- SUPPLIED DATA -
+--

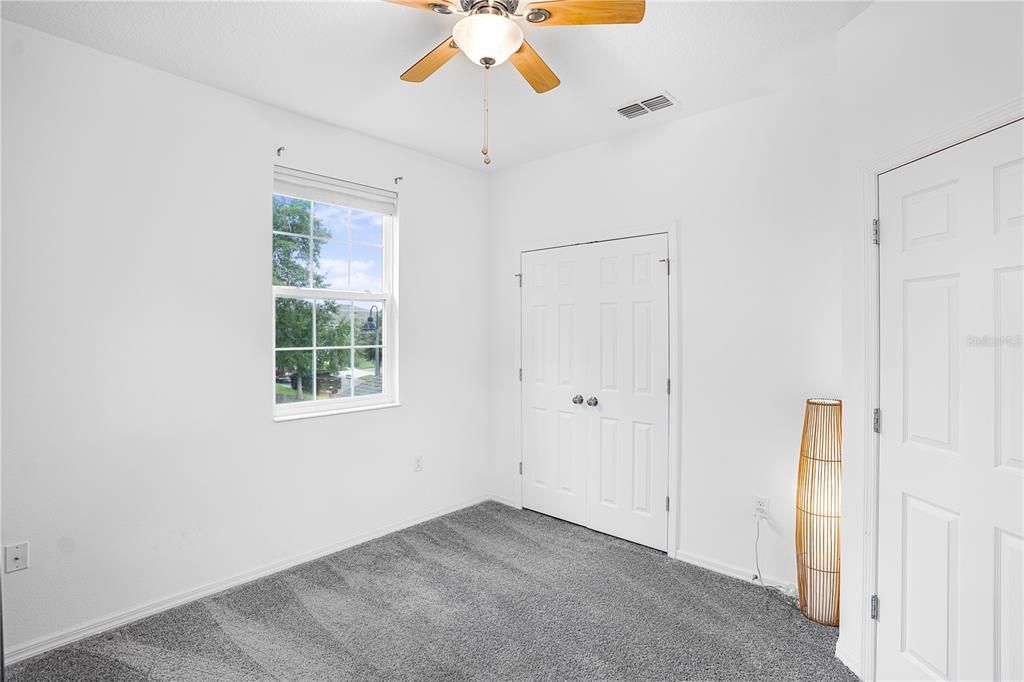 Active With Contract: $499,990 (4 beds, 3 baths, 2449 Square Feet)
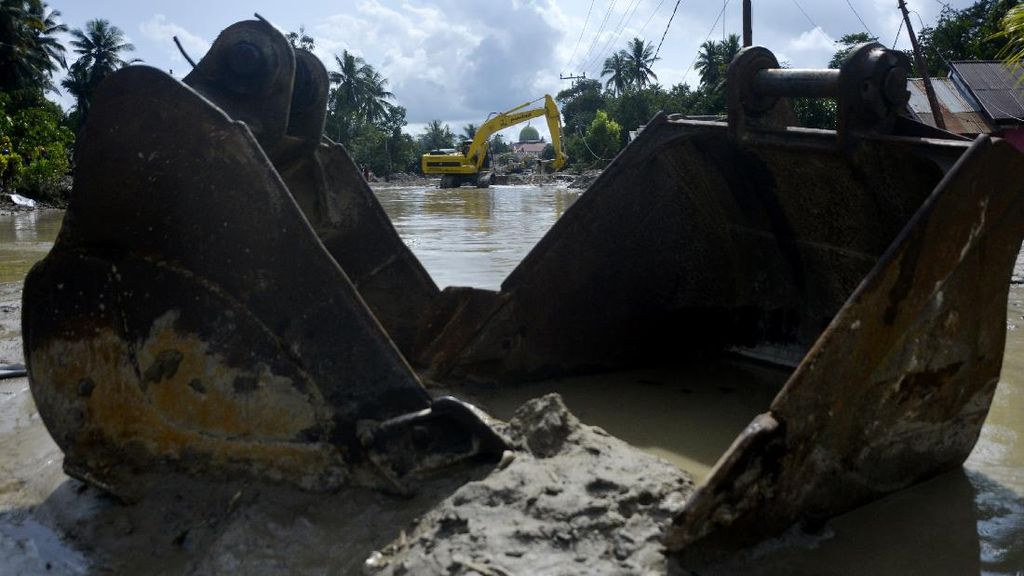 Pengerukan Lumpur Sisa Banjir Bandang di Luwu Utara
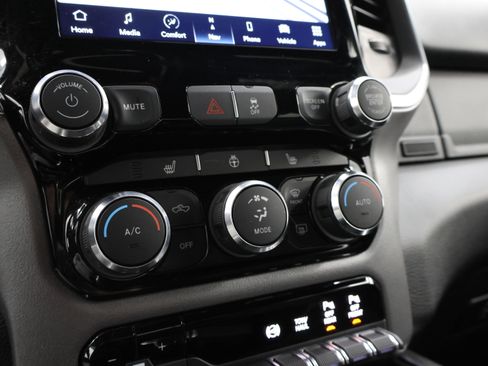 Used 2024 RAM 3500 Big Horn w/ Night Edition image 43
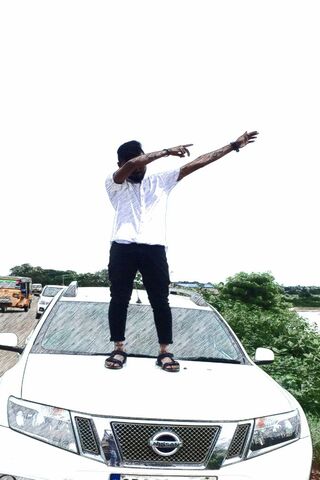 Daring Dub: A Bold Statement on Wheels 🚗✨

+--

- WHAT IS NEEDED -
Your task is to copy word for word the lines from the line containing "Pengerukan Lumpur Sisa" to the end of the listing, both included, and to drop any pictures.

- SOLVED PROBLEM -
 Pengerukan Lumpur Sisa Banjir Bandang di Luwu Utara
 Used 2024 RAM 3500 Big Horn w/ Night Edition image 43
 Daring Dub: A Bold Statement on Wheels 🚗✨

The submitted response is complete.